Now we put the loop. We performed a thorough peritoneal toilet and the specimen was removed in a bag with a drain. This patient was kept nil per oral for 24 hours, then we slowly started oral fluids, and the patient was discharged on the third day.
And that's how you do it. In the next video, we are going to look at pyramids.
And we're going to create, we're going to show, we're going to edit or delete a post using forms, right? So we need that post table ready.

==

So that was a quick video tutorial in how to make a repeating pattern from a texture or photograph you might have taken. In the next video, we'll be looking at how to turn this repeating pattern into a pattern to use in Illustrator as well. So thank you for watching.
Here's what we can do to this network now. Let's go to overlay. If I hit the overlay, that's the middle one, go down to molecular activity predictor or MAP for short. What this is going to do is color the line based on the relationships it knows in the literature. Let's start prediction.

» **Exercise aim**: From the records above, retype only the lines starting at the line that contains "And that's how" and ending at the line that contains "And we're going", both included.

» **Result of the exercise**:
And that's how you do it. In the next video, we are going to look at pyramids.
And we're going to create, we're going to show, we're going to edit or delete a post using forms, right? So we need that post table ready.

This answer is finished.